On an earnings conference call this week, FedEx CEO Fred Smith seems to pour fuel on the fire to the argument that China’s performance isn’t rebounding any time soon, “The locomotive that has driven China’s growth is its export industries. And with the situation in Europe and, to a lesser degree, in North America, that is a significant issue for the Chinese economy. Now the consumer consumption in China is not increasing at a significant rate contrary to everybody’s hopes. While exports from, say, the United States into China have grown, they are dwarfed by the exports from China into the United States. And as the big economies in Europe and the U.S. have grown or contracted — grown at a far lesser rate or, in the case of certain European countries, have contracted, that’s reflected in the numbers in China”
The benchmark Shanghai Composite Index, which tracks both A and B shares, ended down 0.9% at 2060 yesterday, on worries about the latest friction with Japan over disputed islands as well as continued economic worries. The index remains close to the lows hit in the first quarter of 2009 and is down around 6% year to date and 15% in the last 12 months.
Owners of investment and unit trusts in Chinese equities are hoping that the latest sell off in Chinese shares is a bottoming process. For example, the near £0.5 billion Fidelity China Special Situations, managed by ex-star fund manager Anthony Bolton sits at 71.8p after being issued at 100p over 2 years ago, with a 15% drop in the last 12 months, after a shocker in 2011.

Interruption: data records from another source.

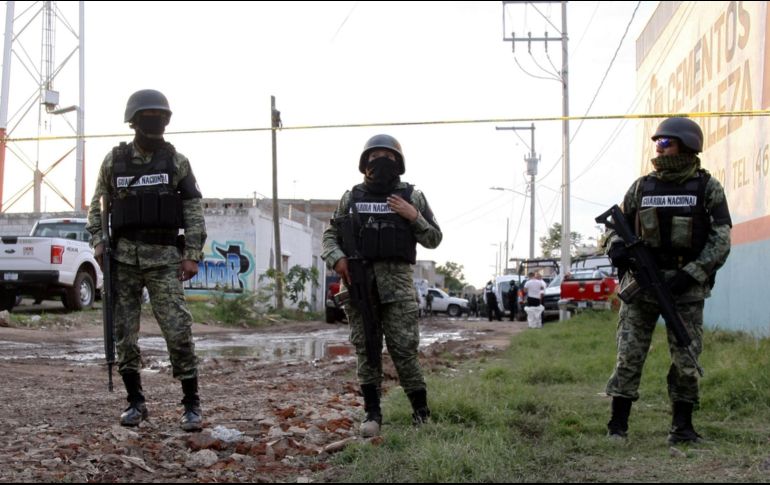 Sicarios dispararon en contra de los habitantes de Taixtán y del personal de Fuerzas Armadas, con rifles de alto poder y con drones cargados de explosivos hace unas semanas. AFP / ARCHIVO
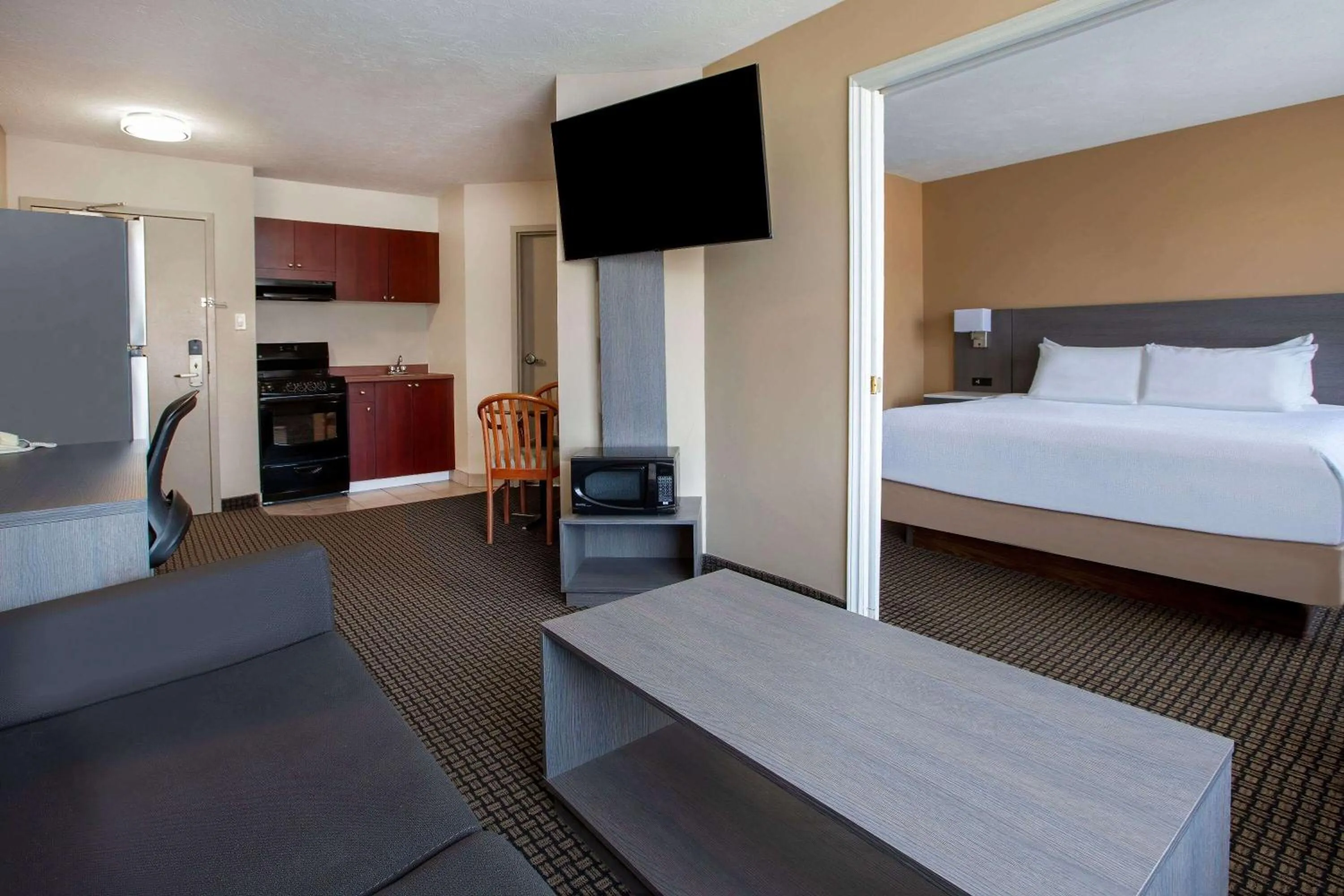 Photo of the whole room, Bed in Days Inn & Suites by Wyndham Moncton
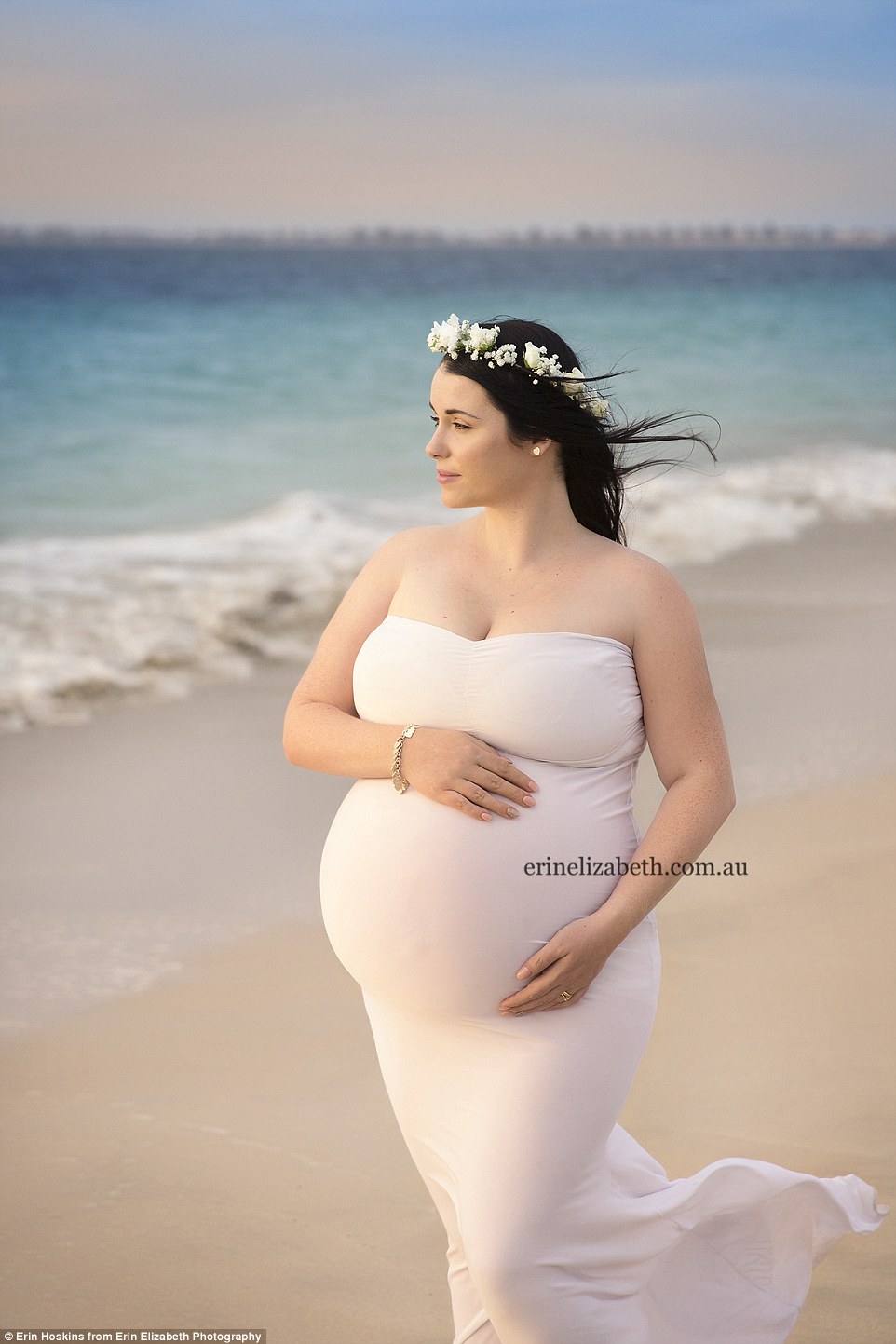 Kim-Tucci-enceinte-photos-plage-quintuple5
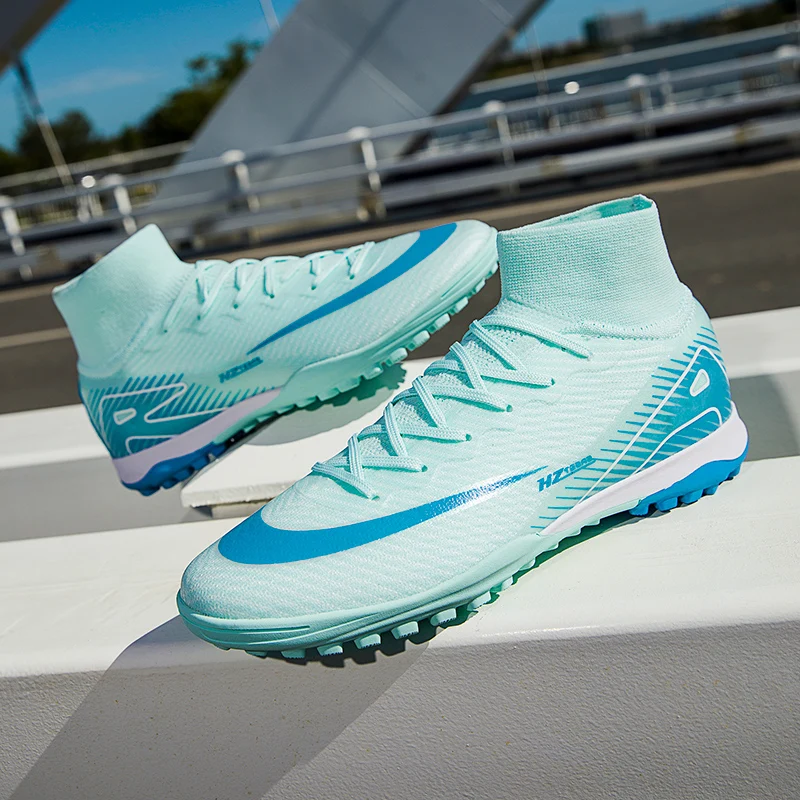 

Indoor Professional Men Football Shoes Society Cleats Non Slip Football Field Boots Fast Training Soccer Shoes Sneaker Resistant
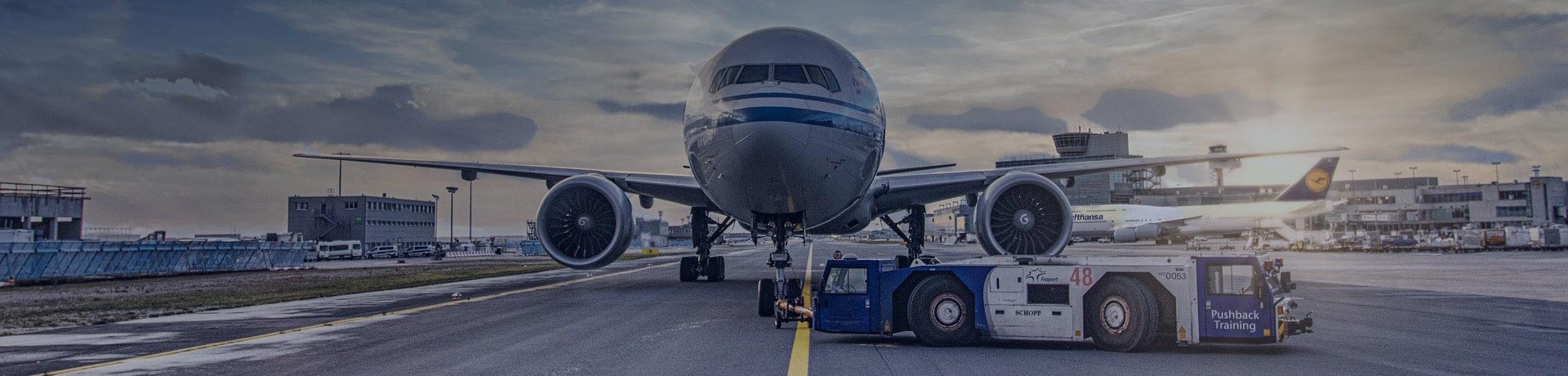 Assistance en piste pour le déchargement d'un avion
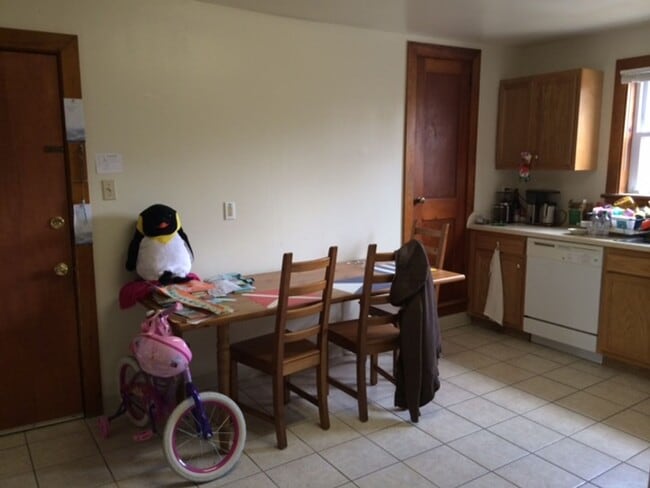 Building Photo - 2 bedroom, 1 bath Second Floor Apartment in Lemont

As well as the general slowdown in the Chinese economy as a result of weakness in its export markets, there is also disappointment that the government’s fiscal and monetary policy has remained conservative in part due to ongoing inflationary concerns. In addition, politicians are reluctant to rock the boat before the Communist Party Congress next month where there is expected to be a series of new appointments. In the meantime the focus has been on increased infrastructure investment which in the past has been of questionable value producing a series of high profile “white elephant” projects.
Is it time for a contrarian bet on China right now? Though additional stimulus measures may be announced in the Autumn and the stock market remains relatively cheap, specific investment in the country over more general emerging markets funds seems a risky prospect, with a dramatic re-rating unlikely any time soon. China depends on its export business and unless the eurozone in particular stages a remarkable recovery, the days of double digit growth in the Chinese economy may be a thing of the past. In addition, the extent of government control in the economy, difficulty trading the B shares of many listed shares plus the murky accounting practices of some entities (remember Sino Forest) will always make China a different proposition to an investment in the FTSE 100.